What this task involves |
Each line from the one containing "Feb 26, 2012;" to the end of the entries below is to be set down exactly; the pictures are not.

Image-caption web data
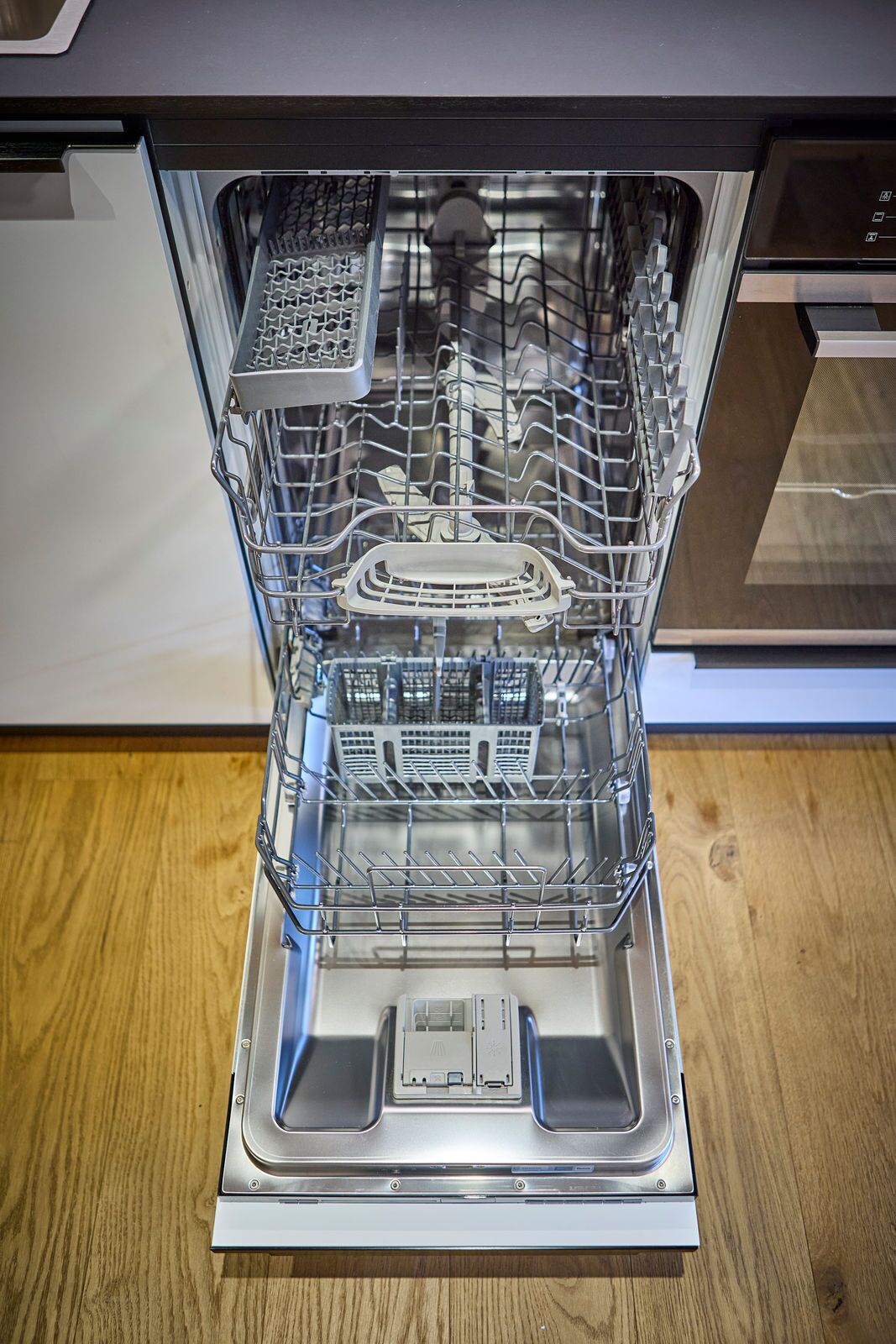 An open dishwasher with multiple racks and a control panel.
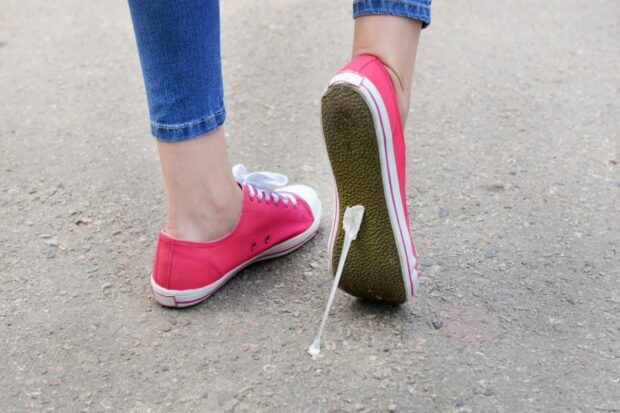 Chewing gum stuck to the bottom of a shoe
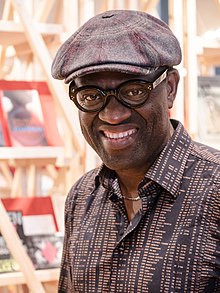 Photo noir et blanc d'un homme souriant, noir, avec casquette et lunettes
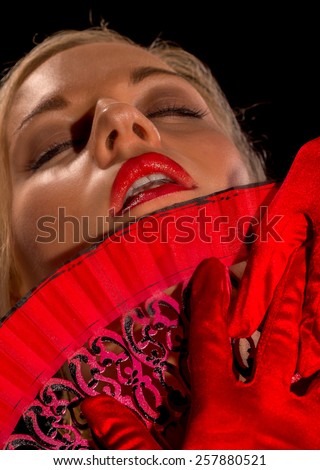 Beautiful woman in red sexy dress with fan. On black background.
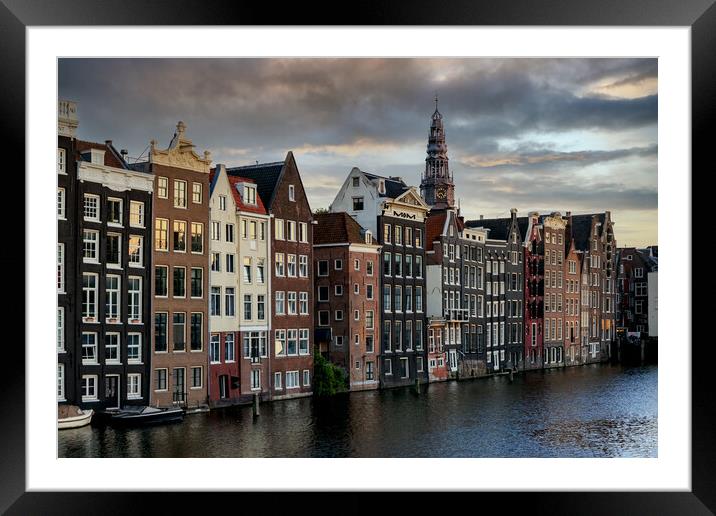 Houses along an Amsterdam canal. Summer cloudy day Framed Mounted Print by Olga Peddi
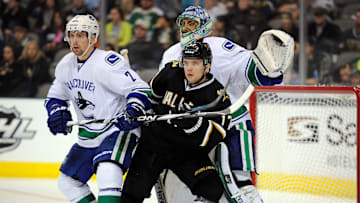 Feb 26, 2012; Dallas, TX, USA; Dallas Stars center Toby Petersen (17) screens Vancouver Canucks goalie Roberto Luongo (1) as left wing David Booth (7) defends during the second period at the American Airlines Center. Mandatory Credit: Jerome Miron-Imagn Images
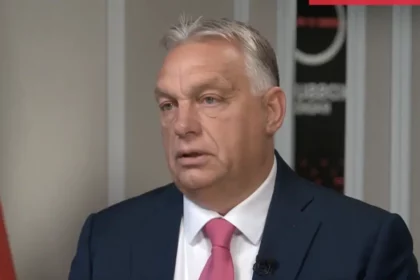 Orbán Viktor, Magyarország miniszterelnöke, sötét öltönyben és rózsaszín nyakkendőben interjút ad, komoly arckifejezéssel, a háttérben egy magyar zászlóval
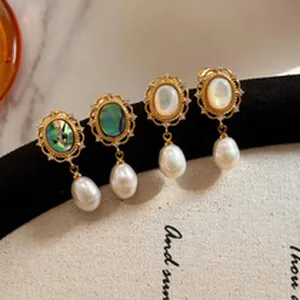 Close-up of vintage palace style oval earrings with mother of pearl and drop pearls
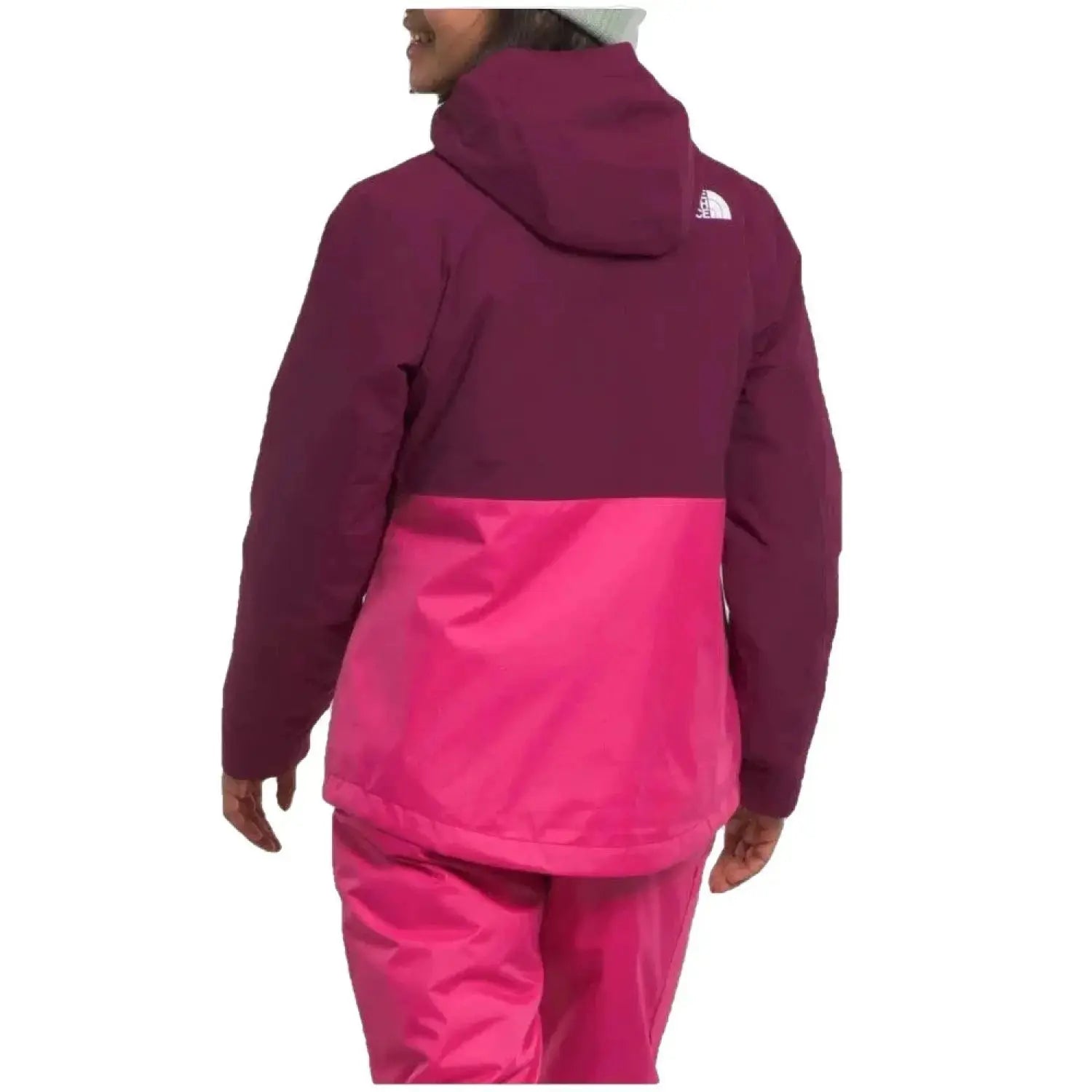 The North Face Girl’s Freedom Triclimate® shown in the Boysenberry color option. Back view on model.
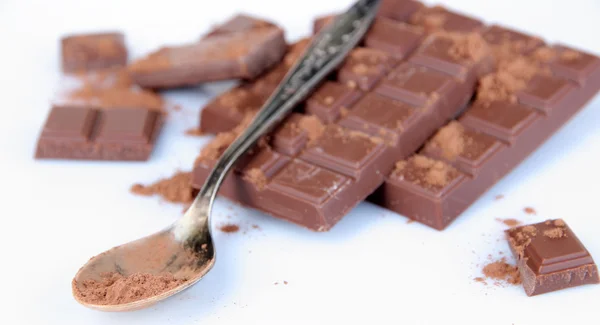 Cocoa powder and dark chocolate isolated on white — Stock Photo, Image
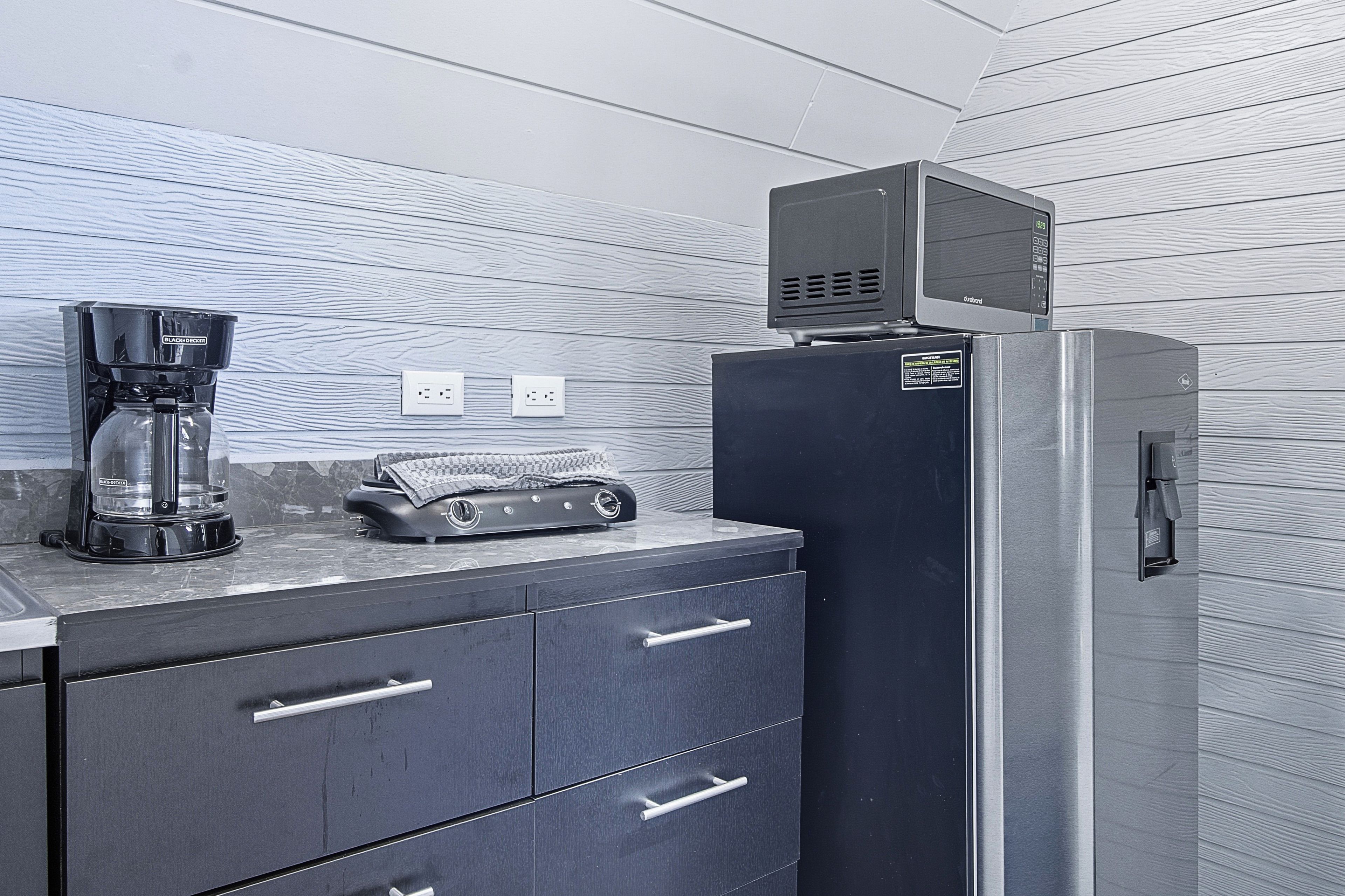 A kitchenette with a coffee maker, a microwave, and a refrigerator. There are two electrical outlets on the wall.
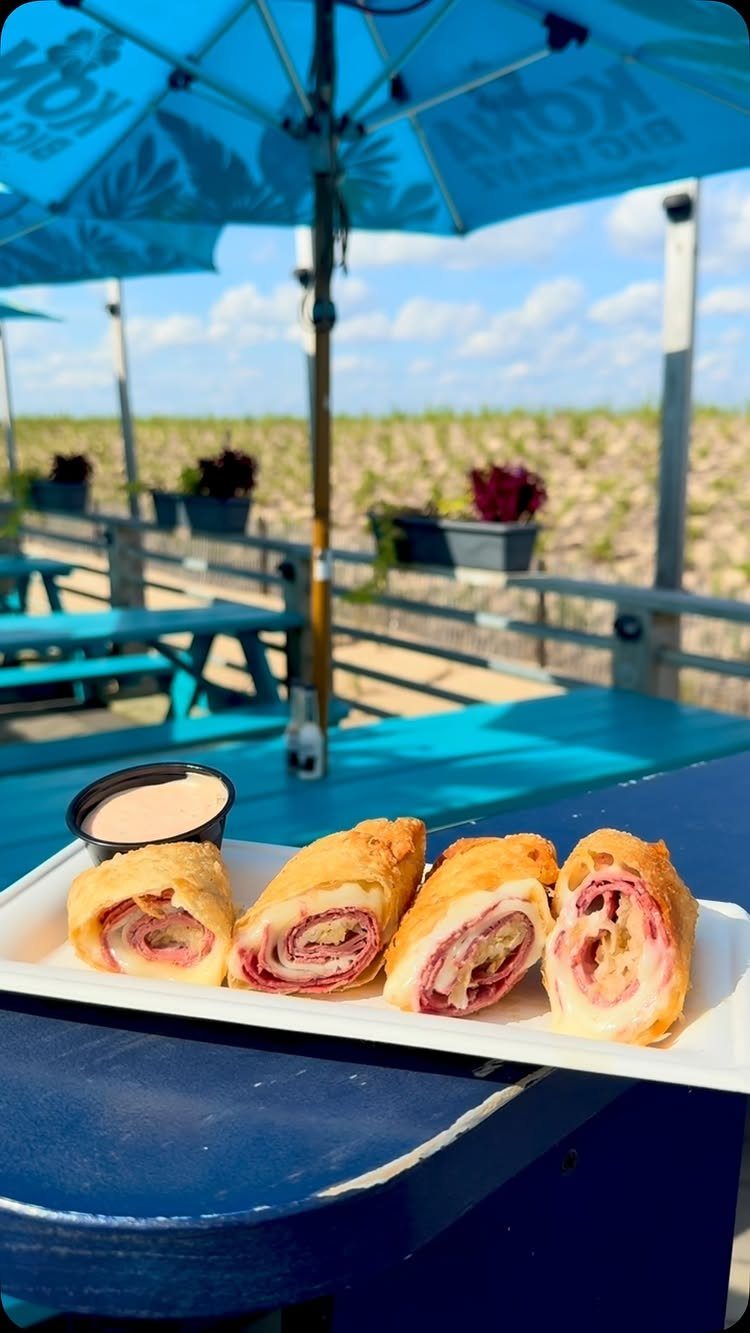 25 Black People Finger Foods 26 Savory ham and cheese pastry rolls on a white plate at an outdoor table.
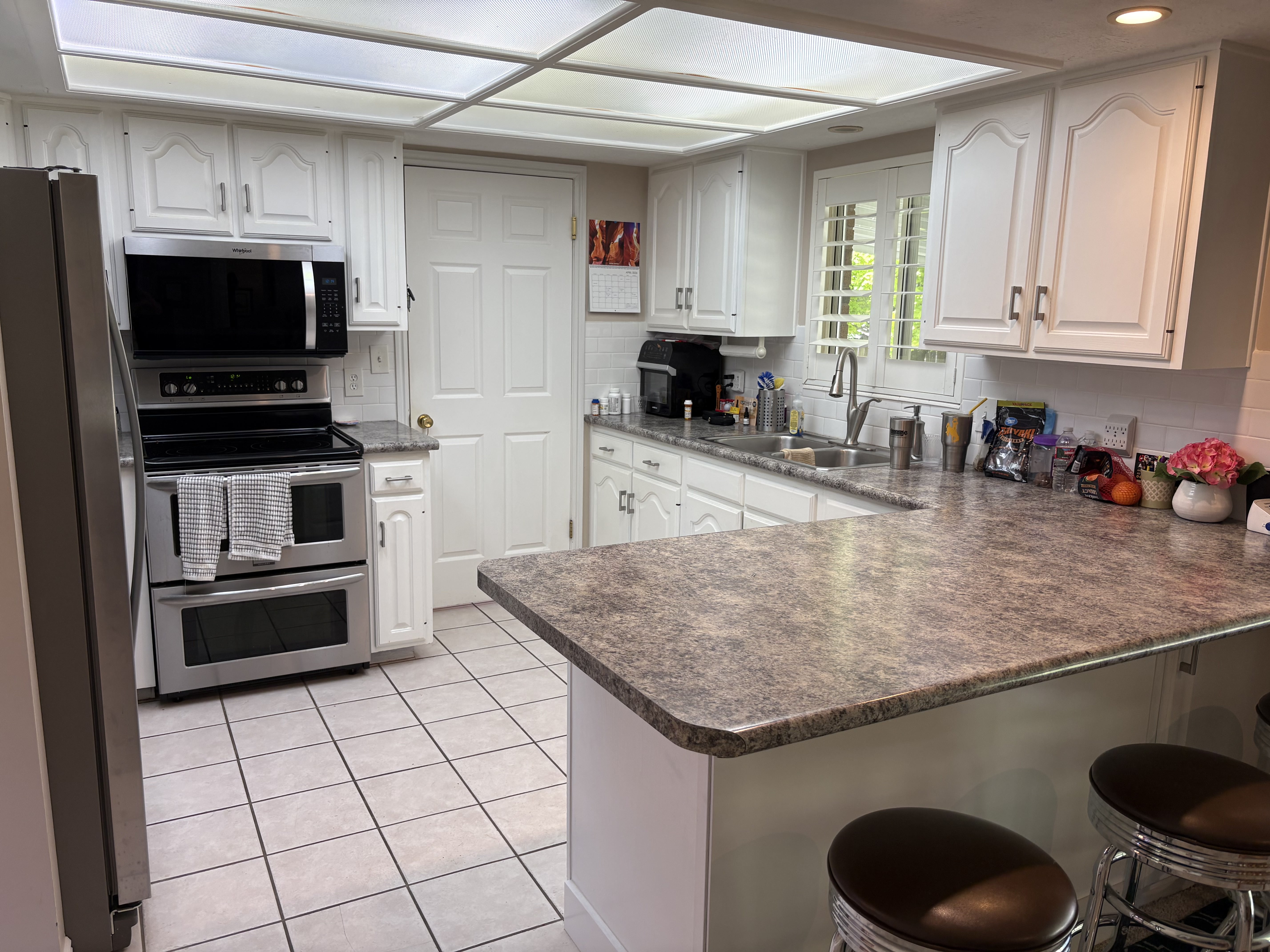 Kitchen featuring white cabinetry, stainless steel appliances, speckled countertops, a tile backsplash, and tile flooring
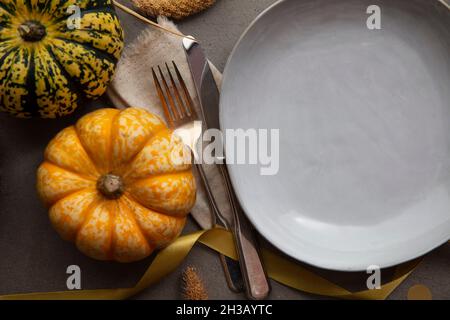 Cena a tavola in autunno con posate di zucca e piatto vuoto Foto Stock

Solution |
 Feb 26, 2012; Dallas, TX, USA; Dallas Stars center Toby Petersen (17) screens Vancouver Canucks goalie Roberto Luongo (1) as left wing David Booth (7) defends during the second period at the American Airlines Center. Mandatory Credit: Jerome Miron-Imagn Images
 Orbán Viktor, Magyarország miniszterelnöke, sötét öltönyben és rózsaszín nyakkendőben interjút ad, komoly arckifejezéssel, a háttérben egy magyar zászlóval
 Close-up of vintage palace style oval earrings with mother of pearl and drop pearls
 The North Face Girl’s Freedom Triclimate® shown in the Boysenberry color option. Back view on model.
 Cocoa powder and dark chocolate isolated on white — Stock Photo, Image
 A kitchenette with a coffee maker, a microwave, and a refrigerator. There are two electrical outlets on the wall.
 25 Black People Finger Foods 26 Savory ham and cheese pastry rolls on a white plate at an outdoor table.
 Kitchen featuring white cabinetry, stainless steel appliances, speckled countertops, a tile backsplash, and tile flooring
 Cena a tavola in autunno con posate di zucca e piatto vuoto Foto Stock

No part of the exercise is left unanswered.